William Lotter, Greg Sorensen, David Cox

Screening mammography is an important front-line tool for the early detection of breast cancer, and some 39 million exams are conducted each year in the United States alone. Here, we describe a multi-scale convolutional neural network (CNN) trained with a curriculum learning strategy that achieves high levels of accuracy in classifying mammograms. Specifically, we first train CNN-based patch classifiers on segmentation masks of lesions in mammograms, and then use the learned features to initialize a scanning-based model that renders a decision on the whole image, trained end-to-end on outcome data. We demonstrate that our approach effectively handles the "needle in a haystack" nature of full-image mammogram classification, achieving 0.92 AUROC on the DDSM dataset.
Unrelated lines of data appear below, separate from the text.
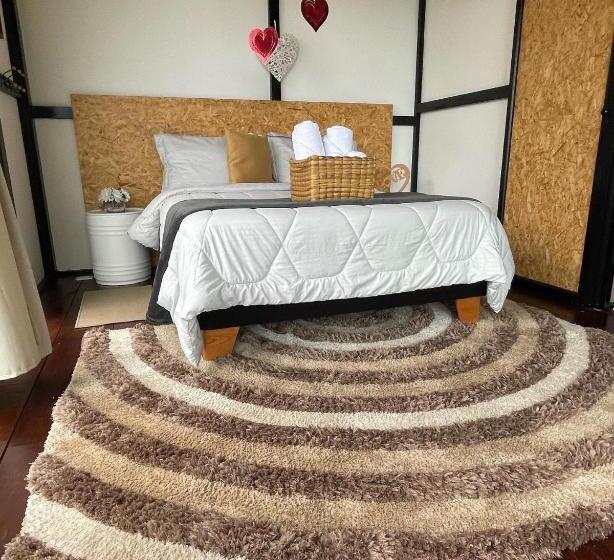 Отель Balú Glamping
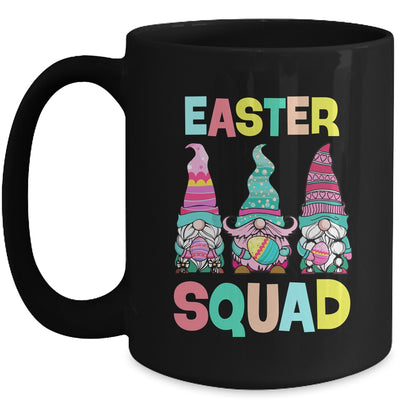 Easter Squad Teen Girls Boys Kids Cute Gnomes Easter Day Mug | teecentury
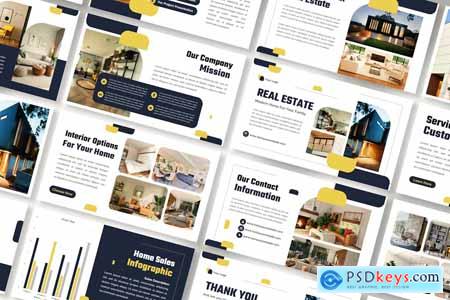 Real Estate Presentation PowerPoint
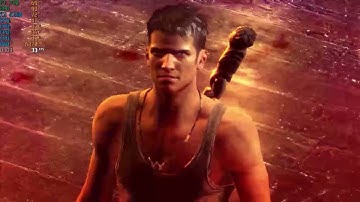 DmC Devil May Cry  I Core i3 4150 I  Gt 710 I 16 GB RAM ddr3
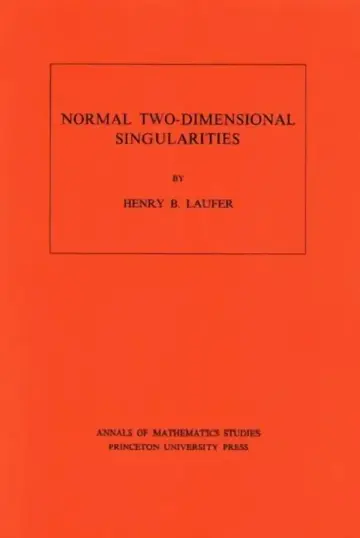 Cover of Normal Two-Dimensional Singularities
William Lotter, Gabriel Kreiman, David Cox

While great strides have been made in using deep learning algorithms to solve supervised learning tasks, the problem of unsupervised learning - leveraging unlabeled examples to learn about the structure of a domain - remains a difficult unsolved challenge. Here, we explore prediction of future frames in a video sequence as an unsupervised learning rule for learning about the structure of the visual world. We describe a predictive neural network ("PredNet") architecture that is inspired by the concept of "predictive coding" from the neuroscience literature. These networks learn to predict future frames in a video sequence, with each layer in the network making local predictions and only forwarding deviations from those predictions to subsequent network layers. We show that these networks are able to robustly learn to predict the movement of synthetic (rendered) objects, and that in doing so, the networks learn internal representations that are useful for decoding latent object parameters (e.g. pose) that support object recognition with fewer training views. We also show that these networks can scale to complex natural image streams (car-mounted camera videos), capturing key aspects of both egocentric movement and the movement of objects in the visual scene, and the representation learned in this setting is useful for estimating the steering angle. Altogether, these results suggest that prediction represents a powerful framework for unsupervised learning, allowing for implicit learning of object and scene structure.
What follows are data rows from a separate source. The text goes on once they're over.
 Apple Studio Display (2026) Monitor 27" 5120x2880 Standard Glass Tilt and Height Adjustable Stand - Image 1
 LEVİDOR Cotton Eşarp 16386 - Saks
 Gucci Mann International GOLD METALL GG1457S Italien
William Lotter, Gabriel Kreiman, David Cox

The ability to predict future states of the environment is a central pillar of intelligence. At its core, effective prediction requires an internal model of the world and an understanding of the rules by which the world changes. Here, we explore the internal models developed by deep neural networks trained using a loss based on predicting future frames in synthetic video sequences, using a CNN-LSTM-deCNN framework. We first show that this architecture can achieve excellent performance in visual sequence prediction tasks, including state-of-the-art performance in a standard 'bouncing balls' dataset (Sutskever et al., 2009). Using a weighted mean-squared error and adversarial loss (Goodfellow et al., 2014), the same architecture successfully extrapolates out-of-the-plane rotations of computer-generated faces. Furthermore, despite being trained end-to-end to predict only pixel-level information, our Predictive Generative Networks learn a representation of the latent structure of the underlying three-dimensional objects themselves. Importantly, we find that this representation is naturally tolerant to object transformations, and generalizes well to new tasks, such as classification of static images. Similar models trained solely with a reconstruction loss fail to generalize as effectively. We argue that prediction can serve as a powerful unsupervised loss for learning rich internal representations of high-level object features.